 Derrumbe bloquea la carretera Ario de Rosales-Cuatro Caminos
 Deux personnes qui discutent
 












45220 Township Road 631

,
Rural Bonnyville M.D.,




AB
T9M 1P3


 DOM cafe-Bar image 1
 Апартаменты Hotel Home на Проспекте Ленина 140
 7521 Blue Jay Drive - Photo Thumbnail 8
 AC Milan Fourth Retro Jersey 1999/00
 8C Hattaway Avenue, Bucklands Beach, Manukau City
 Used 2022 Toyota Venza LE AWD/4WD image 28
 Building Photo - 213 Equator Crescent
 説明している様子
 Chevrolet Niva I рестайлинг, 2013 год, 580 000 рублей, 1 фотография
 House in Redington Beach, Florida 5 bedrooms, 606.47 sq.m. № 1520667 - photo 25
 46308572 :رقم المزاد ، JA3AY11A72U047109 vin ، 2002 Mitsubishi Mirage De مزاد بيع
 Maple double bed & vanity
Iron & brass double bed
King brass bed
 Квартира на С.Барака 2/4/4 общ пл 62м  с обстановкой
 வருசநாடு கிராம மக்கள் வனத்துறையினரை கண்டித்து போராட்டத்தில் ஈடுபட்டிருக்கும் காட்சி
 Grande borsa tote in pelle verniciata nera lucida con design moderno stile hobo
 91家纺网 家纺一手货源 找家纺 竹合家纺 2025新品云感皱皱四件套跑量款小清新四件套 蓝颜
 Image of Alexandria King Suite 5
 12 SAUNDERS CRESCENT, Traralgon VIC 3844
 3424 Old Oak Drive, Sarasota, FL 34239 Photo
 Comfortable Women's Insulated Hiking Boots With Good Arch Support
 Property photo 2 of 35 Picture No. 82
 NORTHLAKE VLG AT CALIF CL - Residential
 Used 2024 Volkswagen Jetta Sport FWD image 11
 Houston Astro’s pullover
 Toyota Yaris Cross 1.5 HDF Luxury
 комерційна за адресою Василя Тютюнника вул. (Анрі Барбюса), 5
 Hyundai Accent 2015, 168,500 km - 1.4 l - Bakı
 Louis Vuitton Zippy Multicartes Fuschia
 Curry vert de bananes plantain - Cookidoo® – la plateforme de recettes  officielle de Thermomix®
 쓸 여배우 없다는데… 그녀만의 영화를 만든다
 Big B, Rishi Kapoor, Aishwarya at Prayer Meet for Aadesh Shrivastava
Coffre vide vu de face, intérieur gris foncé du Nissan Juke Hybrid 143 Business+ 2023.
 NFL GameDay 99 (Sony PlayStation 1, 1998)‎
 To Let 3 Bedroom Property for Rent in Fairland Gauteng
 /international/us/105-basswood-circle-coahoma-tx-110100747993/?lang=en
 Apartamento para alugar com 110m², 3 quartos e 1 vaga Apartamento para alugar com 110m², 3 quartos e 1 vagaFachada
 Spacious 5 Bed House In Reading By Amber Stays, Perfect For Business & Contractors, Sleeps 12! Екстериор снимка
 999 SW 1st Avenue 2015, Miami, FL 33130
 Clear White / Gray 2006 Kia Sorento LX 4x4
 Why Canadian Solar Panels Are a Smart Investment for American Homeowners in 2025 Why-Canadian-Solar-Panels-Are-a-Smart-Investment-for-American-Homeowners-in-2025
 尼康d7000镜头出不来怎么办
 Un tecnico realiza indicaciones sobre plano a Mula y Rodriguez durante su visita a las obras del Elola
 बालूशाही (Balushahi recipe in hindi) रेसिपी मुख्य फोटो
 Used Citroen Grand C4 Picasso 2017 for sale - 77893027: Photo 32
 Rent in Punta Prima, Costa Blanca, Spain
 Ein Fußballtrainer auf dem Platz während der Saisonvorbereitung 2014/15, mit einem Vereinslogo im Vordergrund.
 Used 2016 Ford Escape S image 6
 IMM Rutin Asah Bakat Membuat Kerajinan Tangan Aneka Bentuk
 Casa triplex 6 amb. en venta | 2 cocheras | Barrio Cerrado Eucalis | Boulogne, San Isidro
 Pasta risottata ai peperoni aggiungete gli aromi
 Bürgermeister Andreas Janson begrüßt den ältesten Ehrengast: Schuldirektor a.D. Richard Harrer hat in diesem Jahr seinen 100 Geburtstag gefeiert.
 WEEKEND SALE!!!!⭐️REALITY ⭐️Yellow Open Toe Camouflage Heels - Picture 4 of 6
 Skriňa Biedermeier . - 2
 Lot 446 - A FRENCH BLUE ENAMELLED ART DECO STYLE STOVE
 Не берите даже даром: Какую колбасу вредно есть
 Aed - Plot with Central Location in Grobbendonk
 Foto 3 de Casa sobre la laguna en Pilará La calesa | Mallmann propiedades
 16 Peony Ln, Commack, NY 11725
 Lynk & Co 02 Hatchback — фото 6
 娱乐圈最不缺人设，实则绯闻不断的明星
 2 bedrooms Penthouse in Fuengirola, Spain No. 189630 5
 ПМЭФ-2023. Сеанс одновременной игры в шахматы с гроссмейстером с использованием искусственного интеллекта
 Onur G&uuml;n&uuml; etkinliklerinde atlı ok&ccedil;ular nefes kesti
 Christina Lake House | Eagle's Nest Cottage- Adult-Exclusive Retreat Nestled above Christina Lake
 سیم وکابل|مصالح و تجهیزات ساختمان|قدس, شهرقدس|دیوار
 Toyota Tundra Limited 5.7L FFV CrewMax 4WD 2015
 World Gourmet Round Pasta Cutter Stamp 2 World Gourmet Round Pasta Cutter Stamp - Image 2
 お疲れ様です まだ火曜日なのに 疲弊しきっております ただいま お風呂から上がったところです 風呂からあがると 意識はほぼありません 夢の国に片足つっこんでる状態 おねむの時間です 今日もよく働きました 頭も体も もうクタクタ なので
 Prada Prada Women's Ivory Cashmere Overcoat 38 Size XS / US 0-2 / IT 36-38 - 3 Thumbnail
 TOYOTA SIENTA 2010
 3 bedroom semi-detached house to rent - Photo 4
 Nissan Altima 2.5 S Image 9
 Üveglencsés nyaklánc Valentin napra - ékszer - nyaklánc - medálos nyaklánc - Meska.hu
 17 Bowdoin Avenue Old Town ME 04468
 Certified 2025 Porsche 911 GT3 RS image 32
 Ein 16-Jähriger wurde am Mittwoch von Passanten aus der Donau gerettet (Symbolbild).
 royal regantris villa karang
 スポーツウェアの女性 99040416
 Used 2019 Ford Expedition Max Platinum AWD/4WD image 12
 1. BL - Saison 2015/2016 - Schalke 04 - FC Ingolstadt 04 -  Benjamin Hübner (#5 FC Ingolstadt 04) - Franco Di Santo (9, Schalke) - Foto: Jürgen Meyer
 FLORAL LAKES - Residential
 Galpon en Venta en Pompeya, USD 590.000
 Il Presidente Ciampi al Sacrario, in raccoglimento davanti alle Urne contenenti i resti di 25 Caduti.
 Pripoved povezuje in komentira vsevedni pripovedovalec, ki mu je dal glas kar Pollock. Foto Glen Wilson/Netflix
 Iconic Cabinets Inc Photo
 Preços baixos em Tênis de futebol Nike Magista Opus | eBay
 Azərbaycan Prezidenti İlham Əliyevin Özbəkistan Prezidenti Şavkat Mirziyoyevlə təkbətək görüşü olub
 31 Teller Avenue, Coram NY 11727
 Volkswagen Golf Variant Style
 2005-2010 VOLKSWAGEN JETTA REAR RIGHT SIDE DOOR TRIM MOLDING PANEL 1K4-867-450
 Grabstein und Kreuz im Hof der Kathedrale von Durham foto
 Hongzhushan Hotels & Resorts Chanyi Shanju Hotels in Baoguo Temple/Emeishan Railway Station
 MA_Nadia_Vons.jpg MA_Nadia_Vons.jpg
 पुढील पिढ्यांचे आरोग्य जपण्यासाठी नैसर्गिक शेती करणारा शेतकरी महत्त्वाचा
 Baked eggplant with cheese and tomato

------------------------------------

▶ _REQUIREMENT_
Your task is to reproduce the entries exactly, starting at the first line and ending with the line containing "வருசநாடு கிராம மக்கள்".

▶ _RESULT OF THIS TASK_
 Derrumbe bloquea la carretera Ario de Rosales-Cuatro Caminos
 Deux personnes qui discutent
 












45220 Township Road 631

,
Rural Bonnyville M.D.,




AB
T9M 1P3


 DOM cafe-Bar image 1
 Апартаменты Hotel Home на Проспекте Ленина 140
 7521 Blue Jay Drive - Photo Thumbnail 8
 AC Milan Fourth Retro Jersey 1999/00
 8C Hattaway Avenue, Bucklands Beach, Manukau City
 Used 2022 Toyota Venza LE AWD/4WD image 28
 Building Photo - 213 Equator Crescent
 説明している様子
 Chevrolet Niva I рестайлинг, 2013 год, 580 000 рублей, 1 фотография
 House in Redington Beach, Florida 5 bedrooms, 606.47 sq.m. № 1520667 - photo 25
 46308572 :رقم المزاد ، JA3AY11A72U047109 vin ، 2002 Mitsubishi Mirage De مزاد بيع
 Maple double bed & vanity
Iron & brass double bed
King brass bed
 Квартира на С.Барака 2/4/4 общ пл 62м  с обстановкой
 வருசநாடு கிராம மக்கள் வனத்துறையினரை கண்டித்து போராட்டத்தில் ஈடுபட்டிருக்கும் காட்சி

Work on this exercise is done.